The majority of organizations recognize the need to adopt new practices, methodologies, and strategies to adapt to changing local and international markets. Change within your organization is a process, which starts with recognition, evolves into belief, and then matures into initiatives that lead to a diversified set of innovations. Recognition alone is not sufficient to deliver impactful results. However, often times, management recognizes the need to change and even attempts to change minor corporate practices with the belief that these minor changes will result in major transformation. Too many times these minor amendments either provide no change or temporary superficial change.
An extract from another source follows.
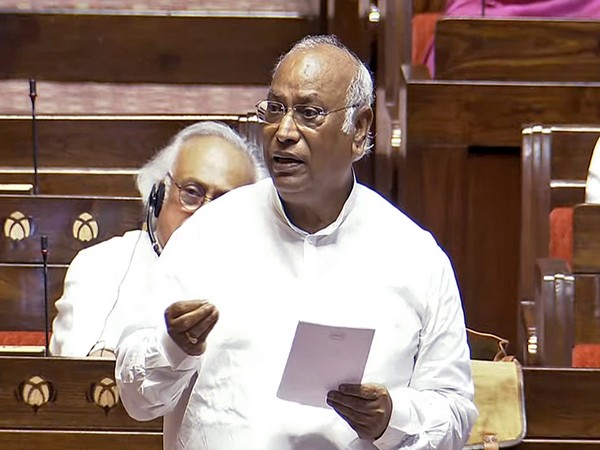 Kharge Criticizes Modi Govt Over Dubious Employment Data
A lot of organizations justify minor changes by shying away from the cost associated with major changes thereby choosing to conduct these cost-effective changes and forgetting that these minor changes will be proportionally less effective. The root cause for a lot of organizations failing to move from recognition phase of the need to change to the belief phase is management’s desire to hold on to old practices that have proven to be successful, in contrast to the risk associated with innovation or change. The fact still remains that if your organization wants to achieve greatness or legacy in its industry, management has to let go of certain practices on a regular and continual basis. Management’s belief in this simple fact is the only way recognition for the necessity of change and innovation will evolve into reality. It’s important to differentiate: recognition of change does not necessarily mean the belief in or success of such change (innovation). Does recognition of the need to change imply the recognition of the need to innovate in your organization? What does innovation mean to your organization?
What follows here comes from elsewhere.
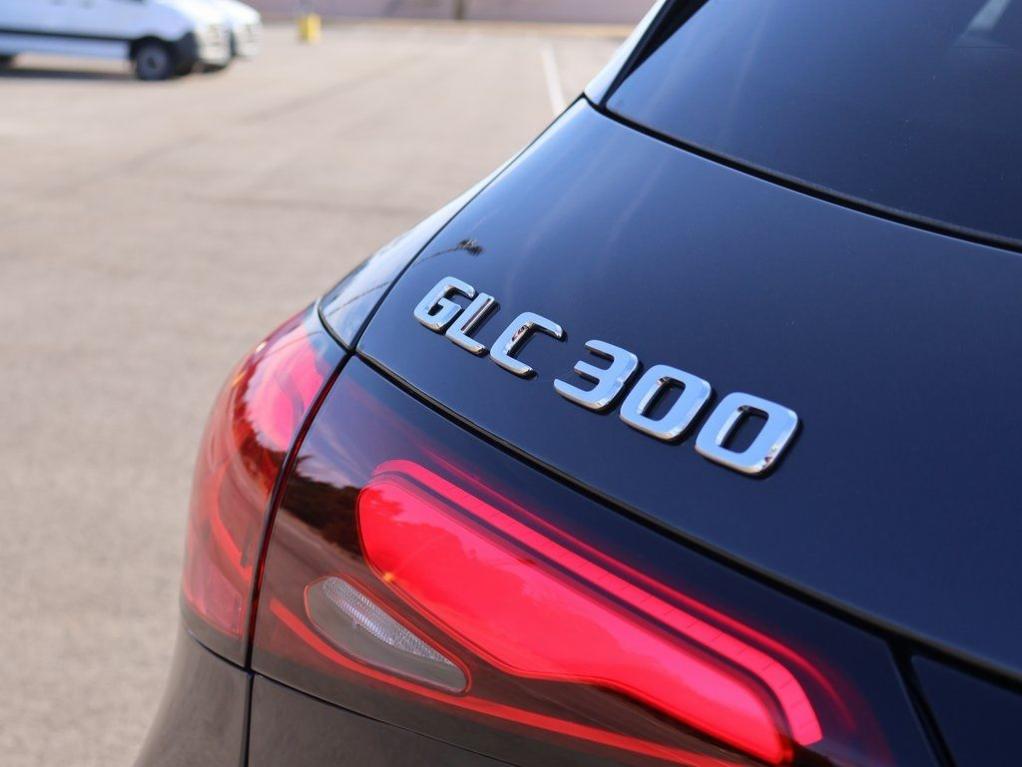 MERCEDES-BENZ GLC - 9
The recognition of a need to change is merely the start of a process of identification. It is identifying where the problem is and why my organization needs change. This process requires the entire organization, led by management and leadership, to ask hard questions concerning their mission statement and business model and basically becoming the harshest critics of the organization. I don’t know of any organization that is capable of carrying such a process: accepting constructive criticism across board except if the organization members believe in the need for change and recognize the only solution is to nurture an innovative culture. Do you know of such an organization?
Belief is a key component of innovation because innovation is the practice of transforming something that is unseen, unknown, and that is not common practice into reality. If belief is lacking in the process of innovation, the process simply fails. Belief starts in your organization from management and leadership. It is evidenced through i) recruitment and development of team members, ii) adaptation and implementation of policies, and finally iii) in the application of systems through integration with your business process. These three components testify for any organization’s belief in its mission, vision and objectives, as well as how innovation is or is not part of the culture.
Initiatives for change, whether incremental or of a more wholistic nature, are recognized as innovations. Only in an organization that lives a culture of innovation, will initiatives of change achieve results that will make a difference in your value chain, P&L, and customers. For an innovation to have impact on your organization, collaboration, belief, and trust are required from the entire organization because these are the key components in the success of any particular innovation. Another key characteristic of a successful initiative is that it does not belong to a particular department within your organization, but that it comes from a common goal of all the members of the organization for that initiative to become a purposeful innovation.
Are the challenges discussed above relevant to your organization?
If you are part of management or leadership in your organization are you willing to challenge your business model, mission, vision, policies, systems, and human resource practices?
Is this process more difficult for a multinational, local, or newly established organization?